====== SOURCE RECORDS

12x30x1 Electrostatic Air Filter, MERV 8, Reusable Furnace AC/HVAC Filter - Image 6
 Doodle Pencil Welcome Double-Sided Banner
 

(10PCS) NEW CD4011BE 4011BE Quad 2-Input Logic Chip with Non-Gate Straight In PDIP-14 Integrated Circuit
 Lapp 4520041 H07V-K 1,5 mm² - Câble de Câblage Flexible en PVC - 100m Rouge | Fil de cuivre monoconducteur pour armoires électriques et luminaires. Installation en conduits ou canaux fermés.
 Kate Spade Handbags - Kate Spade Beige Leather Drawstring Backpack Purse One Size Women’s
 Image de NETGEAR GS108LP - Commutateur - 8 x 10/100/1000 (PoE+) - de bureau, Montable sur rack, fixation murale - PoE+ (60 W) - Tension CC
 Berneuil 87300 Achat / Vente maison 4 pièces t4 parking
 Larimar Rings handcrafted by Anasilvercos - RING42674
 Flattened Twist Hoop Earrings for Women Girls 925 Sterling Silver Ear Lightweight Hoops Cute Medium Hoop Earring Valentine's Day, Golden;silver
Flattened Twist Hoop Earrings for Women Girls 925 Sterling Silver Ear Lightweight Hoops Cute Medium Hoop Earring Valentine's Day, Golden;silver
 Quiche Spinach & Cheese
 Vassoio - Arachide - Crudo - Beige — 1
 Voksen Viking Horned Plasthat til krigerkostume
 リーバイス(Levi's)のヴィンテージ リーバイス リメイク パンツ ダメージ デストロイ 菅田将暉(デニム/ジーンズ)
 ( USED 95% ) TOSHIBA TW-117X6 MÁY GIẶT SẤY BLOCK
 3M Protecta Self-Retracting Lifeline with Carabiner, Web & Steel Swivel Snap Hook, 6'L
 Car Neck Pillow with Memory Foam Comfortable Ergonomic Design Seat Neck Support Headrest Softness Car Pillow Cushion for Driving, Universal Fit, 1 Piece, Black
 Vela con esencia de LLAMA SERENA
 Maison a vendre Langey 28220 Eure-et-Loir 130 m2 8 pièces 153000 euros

============

### YOUR ASSIGNMENT
Beginning with the line that holds "Voksen Viking Horned" and ending with the last line of the data, copy each line exactly and add nothing.

### RESULT FOR THIS TASK
 Voksen Viking Horned Plasthat til krigerkostume
 リーバイス(Levi's)のヴィンテージ リーバイス リメイク パンツ ダメージ デストロイ 菅田将暉(デニム/ジーンズ)
 ( USED 95% ) TOSHIBA TW-117X6 MÁY GIẶT SẤY BLOCK
 3M Protecta Self-Retracting Lifeline with Carabiner, Web & Steel Swivel Snap Hook, 6'L
 Car Neck Pillow with Memory Foam Comfortable Ergonomic Design Seat Neck Support Headrest Softness Car Pillow Cushion for Driving, Universal Fit, 1 Piece, Black
 Vela con esencia de LLAMA SERENA
 Maison a vendre Langey 28220 Eure-et-Loir 130 m2 8 pièces 153000 euros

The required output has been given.